An important approach to image making that marries the Occidental reading direction with the Western convention of lighting is the use of pictorial zones arranged as a transition from left to right in incremental stages across an image as outlined in the early post, Pictorial Transitions. This arrangement helps to articulate the idea of a transition in the viewer’s reading from left-to-right involving a shift from an “saturation” phase in perception on the left side through to a “prognostication” phase on the right side.
Like all theories, however, whether they are folly or fact is best examined by their effectiveness in practical application. To illustrate how an image may express the notion of a passage of time, I have selected Frank Brangwyn’s lithograph, The Mine (shown below), and I will leave the question as to whether it is successful in this mission to the reader.

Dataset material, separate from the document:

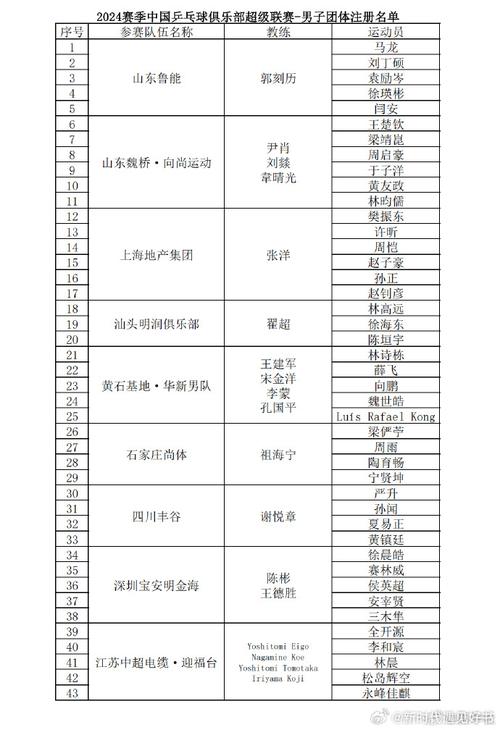 乒超联赛多久举办一次？详解赛事时间安排和赛程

In The Mine, strong light from the top-front-left—the Western lighting convention—illuminates a night scene inviting a viewer’s eye to negotiate meaning from the left to the right side of the image. This arrangement of lighting sets the scene for the reading discussed above from an “immediate past” to a “pending future.” Featured in the foreground is a bustling horde of mineworkers moving from the well-lit left side of the image—the past—on their way towards an undisclosed destiny—the future—through the shadowy right side. Augmenting this left-to-right reading are the pictorial zones (see attributes of each zone in the details below): “saturation”; “incubation”; “illumination”; and, “prognostication” (as explained in Pictorial Transitions). These pictorial zones visually articulate and mimic the notion of the artist’s developing perception of the scene—a compartmentalisation of how one’s perception may arise that was first proposed by Herman von Helmholtz (1821–94) and outlined by Betty Edwards in Drawing on the Artist Within (1986) (see pages 2–5) with a touch of minor meddling by the present author.